The value of family psychoeducation for schizophrenia has been well established, and indications for its use have recently expanded to include bipolar affective disorder. However, no study to date has adequately examined its use in depression.


To examine family psychoeducation in the maintenance treatment of depression and to investigate the influence of the family's expressed emotion (EE) on its effectiveness.

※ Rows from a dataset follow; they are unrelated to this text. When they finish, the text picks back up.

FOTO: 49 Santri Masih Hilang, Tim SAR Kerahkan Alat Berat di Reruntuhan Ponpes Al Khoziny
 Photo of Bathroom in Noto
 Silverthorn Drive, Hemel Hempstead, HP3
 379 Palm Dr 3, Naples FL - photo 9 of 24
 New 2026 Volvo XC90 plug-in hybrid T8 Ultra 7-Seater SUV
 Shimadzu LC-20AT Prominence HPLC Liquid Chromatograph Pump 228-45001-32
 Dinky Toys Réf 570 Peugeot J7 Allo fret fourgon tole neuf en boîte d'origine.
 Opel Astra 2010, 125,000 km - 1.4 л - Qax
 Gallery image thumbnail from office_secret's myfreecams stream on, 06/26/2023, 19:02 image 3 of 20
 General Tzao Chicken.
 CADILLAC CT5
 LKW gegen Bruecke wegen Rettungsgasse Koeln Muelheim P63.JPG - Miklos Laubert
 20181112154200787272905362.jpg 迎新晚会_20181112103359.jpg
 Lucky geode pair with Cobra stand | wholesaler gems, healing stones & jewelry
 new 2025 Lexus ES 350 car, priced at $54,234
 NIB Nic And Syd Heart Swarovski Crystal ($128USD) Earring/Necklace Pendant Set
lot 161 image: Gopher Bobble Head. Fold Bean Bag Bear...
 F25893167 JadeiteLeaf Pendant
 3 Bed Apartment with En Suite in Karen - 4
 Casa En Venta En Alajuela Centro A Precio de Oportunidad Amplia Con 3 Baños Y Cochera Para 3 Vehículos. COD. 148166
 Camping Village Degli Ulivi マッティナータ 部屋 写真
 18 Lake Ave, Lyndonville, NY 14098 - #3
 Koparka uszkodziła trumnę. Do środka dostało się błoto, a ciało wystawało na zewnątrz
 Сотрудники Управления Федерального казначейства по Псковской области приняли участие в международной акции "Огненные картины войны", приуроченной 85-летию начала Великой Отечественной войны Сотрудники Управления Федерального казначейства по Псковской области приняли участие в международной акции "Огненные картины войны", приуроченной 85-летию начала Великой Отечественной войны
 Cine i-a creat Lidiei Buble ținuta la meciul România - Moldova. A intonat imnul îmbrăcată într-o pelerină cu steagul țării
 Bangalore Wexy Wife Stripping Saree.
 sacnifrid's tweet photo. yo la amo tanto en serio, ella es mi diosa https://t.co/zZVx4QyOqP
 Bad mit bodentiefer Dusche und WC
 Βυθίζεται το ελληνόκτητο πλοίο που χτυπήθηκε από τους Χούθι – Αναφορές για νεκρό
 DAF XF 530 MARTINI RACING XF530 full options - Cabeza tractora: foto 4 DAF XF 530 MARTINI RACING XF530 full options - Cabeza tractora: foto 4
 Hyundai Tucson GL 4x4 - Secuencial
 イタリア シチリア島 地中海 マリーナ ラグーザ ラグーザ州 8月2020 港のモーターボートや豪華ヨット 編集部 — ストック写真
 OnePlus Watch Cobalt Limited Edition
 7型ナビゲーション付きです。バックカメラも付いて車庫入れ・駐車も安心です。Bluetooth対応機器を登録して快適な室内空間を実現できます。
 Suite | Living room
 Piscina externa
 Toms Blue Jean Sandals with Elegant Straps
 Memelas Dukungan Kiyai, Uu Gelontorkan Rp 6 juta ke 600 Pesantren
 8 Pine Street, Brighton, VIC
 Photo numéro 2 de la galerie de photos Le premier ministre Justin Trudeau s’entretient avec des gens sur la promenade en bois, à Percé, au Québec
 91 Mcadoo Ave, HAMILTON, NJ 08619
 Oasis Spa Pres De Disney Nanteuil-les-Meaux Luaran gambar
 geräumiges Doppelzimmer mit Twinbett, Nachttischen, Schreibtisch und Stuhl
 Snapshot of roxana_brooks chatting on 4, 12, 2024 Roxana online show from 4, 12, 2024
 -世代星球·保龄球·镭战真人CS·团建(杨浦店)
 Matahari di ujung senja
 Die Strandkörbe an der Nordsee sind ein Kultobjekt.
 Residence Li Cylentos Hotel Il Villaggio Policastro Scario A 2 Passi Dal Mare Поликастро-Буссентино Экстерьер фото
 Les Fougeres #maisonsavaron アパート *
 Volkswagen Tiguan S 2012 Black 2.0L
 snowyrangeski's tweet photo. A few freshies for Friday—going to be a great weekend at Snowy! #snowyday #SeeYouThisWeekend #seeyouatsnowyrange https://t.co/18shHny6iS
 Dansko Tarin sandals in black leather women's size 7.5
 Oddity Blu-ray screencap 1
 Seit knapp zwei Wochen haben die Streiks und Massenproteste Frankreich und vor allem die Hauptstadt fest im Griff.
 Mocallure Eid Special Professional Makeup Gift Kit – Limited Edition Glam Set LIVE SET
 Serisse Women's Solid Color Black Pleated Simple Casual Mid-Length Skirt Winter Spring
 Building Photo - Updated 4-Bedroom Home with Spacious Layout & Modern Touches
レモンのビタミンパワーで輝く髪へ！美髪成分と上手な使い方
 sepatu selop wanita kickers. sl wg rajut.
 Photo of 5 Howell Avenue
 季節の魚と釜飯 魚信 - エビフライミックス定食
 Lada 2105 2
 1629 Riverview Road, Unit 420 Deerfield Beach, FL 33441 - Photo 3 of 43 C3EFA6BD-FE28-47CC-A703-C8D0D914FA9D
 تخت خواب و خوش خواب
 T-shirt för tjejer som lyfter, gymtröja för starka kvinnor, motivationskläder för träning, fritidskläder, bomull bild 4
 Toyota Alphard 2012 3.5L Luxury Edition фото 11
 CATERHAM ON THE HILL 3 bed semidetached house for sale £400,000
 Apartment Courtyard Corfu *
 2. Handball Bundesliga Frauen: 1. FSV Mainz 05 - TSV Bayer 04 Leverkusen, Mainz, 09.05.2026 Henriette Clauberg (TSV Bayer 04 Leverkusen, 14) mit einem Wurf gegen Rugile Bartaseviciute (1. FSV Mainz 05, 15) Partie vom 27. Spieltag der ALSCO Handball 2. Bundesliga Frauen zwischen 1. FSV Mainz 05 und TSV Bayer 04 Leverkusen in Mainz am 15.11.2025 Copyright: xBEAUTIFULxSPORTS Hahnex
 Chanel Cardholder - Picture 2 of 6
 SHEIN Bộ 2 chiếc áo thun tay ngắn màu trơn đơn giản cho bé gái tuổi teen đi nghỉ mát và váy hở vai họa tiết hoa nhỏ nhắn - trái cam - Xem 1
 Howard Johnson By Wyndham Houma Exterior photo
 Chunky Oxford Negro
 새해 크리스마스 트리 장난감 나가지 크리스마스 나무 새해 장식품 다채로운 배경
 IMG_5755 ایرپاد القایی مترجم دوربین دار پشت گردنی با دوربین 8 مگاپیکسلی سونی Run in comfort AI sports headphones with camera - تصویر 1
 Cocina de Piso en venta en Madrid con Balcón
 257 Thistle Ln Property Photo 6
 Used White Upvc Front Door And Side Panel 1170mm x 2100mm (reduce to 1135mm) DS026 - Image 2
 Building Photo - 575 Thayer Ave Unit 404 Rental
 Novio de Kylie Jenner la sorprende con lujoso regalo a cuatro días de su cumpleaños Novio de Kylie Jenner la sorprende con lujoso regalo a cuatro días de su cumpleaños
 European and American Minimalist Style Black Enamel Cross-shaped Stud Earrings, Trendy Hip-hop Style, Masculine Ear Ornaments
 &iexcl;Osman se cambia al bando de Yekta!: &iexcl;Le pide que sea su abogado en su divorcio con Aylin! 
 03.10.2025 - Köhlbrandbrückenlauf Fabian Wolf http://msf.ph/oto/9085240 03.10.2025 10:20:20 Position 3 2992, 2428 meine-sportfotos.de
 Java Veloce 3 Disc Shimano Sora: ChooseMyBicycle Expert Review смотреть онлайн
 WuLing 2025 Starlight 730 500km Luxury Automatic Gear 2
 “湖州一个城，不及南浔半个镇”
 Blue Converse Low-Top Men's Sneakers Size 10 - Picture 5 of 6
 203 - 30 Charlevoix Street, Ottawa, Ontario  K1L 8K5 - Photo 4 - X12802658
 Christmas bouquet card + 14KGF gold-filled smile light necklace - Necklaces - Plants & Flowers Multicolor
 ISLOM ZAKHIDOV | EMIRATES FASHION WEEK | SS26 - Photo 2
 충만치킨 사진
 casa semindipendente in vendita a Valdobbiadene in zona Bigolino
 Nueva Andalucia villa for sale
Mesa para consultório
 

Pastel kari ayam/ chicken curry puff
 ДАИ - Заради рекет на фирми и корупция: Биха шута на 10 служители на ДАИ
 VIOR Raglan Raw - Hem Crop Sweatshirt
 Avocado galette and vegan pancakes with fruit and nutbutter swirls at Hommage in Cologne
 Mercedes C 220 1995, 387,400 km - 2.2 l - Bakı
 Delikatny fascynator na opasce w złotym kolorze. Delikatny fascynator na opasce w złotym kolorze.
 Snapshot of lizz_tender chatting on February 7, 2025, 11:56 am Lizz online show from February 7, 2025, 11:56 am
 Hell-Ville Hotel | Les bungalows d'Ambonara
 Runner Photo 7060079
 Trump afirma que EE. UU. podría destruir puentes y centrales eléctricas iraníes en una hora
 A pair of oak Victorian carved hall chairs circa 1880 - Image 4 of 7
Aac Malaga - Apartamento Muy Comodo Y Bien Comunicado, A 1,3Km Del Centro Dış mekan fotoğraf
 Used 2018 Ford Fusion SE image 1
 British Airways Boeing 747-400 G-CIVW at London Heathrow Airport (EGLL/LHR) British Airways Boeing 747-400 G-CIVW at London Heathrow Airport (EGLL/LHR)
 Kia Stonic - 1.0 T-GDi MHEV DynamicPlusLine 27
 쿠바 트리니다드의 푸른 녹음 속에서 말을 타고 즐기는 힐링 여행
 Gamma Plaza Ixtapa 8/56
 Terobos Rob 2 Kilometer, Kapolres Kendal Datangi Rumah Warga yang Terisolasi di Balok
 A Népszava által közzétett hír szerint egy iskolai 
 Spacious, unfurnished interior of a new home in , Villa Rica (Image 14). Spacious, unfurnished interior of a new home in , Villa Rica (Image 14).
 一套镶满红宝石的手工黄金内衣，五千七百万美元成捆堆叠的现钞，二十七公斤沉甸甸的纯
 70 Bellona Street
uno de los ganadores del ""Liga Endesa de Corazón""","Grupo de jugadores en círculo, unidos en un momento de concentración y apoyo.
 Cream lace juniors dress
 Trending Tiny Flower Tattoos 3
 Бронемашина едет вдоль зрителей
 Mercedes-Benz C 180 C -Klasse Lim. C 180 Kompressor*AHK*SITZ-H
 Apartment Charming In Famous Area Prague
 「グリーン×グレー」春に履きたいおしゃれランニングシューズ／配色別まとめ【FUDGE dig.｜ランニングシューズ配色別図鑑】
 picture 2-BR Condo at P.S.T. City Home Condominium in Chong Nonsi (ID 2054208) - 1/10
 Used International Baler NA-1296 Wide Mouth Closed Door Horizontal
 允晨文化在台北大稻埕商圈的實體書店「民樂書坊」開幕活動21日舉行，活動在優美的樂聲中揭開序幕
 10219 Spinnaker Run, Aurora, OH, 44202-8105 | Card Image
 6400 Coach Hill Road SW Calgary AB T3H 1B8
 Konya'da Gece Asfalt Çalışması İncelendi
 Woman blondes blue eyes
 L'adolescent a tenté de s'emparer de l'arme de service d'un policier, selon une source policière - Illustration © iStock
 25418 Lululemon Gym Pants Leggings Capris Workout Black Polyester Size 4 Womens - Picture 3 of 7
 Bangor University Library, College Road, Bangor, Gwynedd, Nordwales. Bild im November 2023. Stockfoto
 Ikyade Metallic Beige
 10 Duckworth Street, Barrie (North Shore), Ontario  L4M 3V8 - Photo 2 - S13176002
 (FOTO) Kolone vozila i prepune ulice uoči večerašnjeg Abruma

Of 103 patients diagnosed with major depression and their primary family members, 57 pairs provided written informed consent. The pairs were randomly allocated to the intervention (n = 25) or control (n = 32). One family in the intervention group and two in the control group withdrew their consent after randomisation. The intervention group underwent four psychoeducation sessions consisting of didactic lectures about depression and group problem-solving focusing on how to cope in high-EE situations. Patients did not attend these sessions. Patients in both the intervention and control groups received treatment as usual. The families' EE levels were evaluated through Five-Minute Speech Samples. The primary outcome was relapse.


Time to relapse was statistically significantly longer in the psychoeducation group than in the control group (Kaplan-Meier survival analysis, P = 0.002). The relapse rates up to the 9-month follow-up were 8% and 50% respectively (risk ratio 0.17, 95% CI 0.04-0.66; number needed to treat 2.4, 95% CI 1.6-4.9). In Cox proportional hazard analysis, baseline EE did not moderate the effectiveness of the intervention.


Family psychoeducation is effective in the prevention of relapse in adult patients with major depression.